TASK OBJECTIVE
Below is some data. Retype exactly the lines starting at the one with "卧室 · 手机 · 卧姿 · 睡衣 · 查看手机 · 手部特写" and ending at the one with "2004 Hyundai Sonata".
+++++
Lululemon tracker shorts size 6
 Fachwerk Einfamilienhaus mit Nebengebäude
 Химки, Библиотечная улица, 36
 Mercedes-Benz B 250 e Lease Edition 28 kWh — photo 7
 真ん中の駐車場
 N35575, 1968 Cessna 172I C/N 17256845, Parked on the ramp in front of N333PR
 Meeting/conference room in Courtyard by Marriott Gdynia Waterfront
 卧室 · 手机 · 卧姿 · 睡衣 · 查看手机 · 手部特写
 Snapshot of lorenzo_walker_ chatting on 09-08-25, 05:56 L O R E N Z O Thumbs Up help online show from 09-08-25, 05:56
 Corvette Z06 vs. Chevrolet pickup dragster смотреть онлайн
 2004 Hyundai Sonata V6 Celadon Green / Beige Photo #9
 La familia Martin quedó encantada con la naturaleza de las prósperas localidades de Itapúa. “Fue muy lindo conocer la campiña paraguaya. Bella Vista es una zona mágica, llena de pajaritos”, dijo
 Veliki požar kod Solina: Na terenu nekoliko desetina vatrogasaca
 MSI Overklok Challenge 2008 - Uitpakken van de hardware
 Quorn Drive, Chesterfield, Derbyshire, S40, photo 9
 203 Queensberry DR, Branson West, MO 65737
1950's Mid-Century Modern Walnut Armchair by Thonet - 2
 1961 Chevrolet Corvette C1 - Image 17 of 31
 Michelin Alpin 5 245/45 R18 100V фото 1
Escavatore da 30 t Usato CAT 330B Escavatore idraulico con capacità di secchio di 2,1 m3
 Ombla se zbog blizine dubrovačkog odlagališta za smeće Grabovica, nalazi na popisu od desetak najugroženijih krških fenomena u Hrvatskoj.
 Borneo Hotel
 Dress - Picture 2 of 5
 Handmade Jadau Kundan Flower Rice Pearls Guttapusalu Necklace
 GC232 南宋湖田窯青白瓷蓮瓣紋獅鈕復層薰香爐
+++++
ANSWER SPACE
 卧室 · 手机 · 卧姿 · 睡衣 · 查看手机 · 手部特写
 Snapshot of lorenzo_walker_ chatting on 09-08-25, 05:56 L O R E N Z O Thumbs Up help online show from 09-08-25, 05:56
 Corvette Z06 vs. Chevrolet pickup dragster смотреть онлайн
 2004 Hyundai Sonata V6 Celadon Green / Beige Photo #9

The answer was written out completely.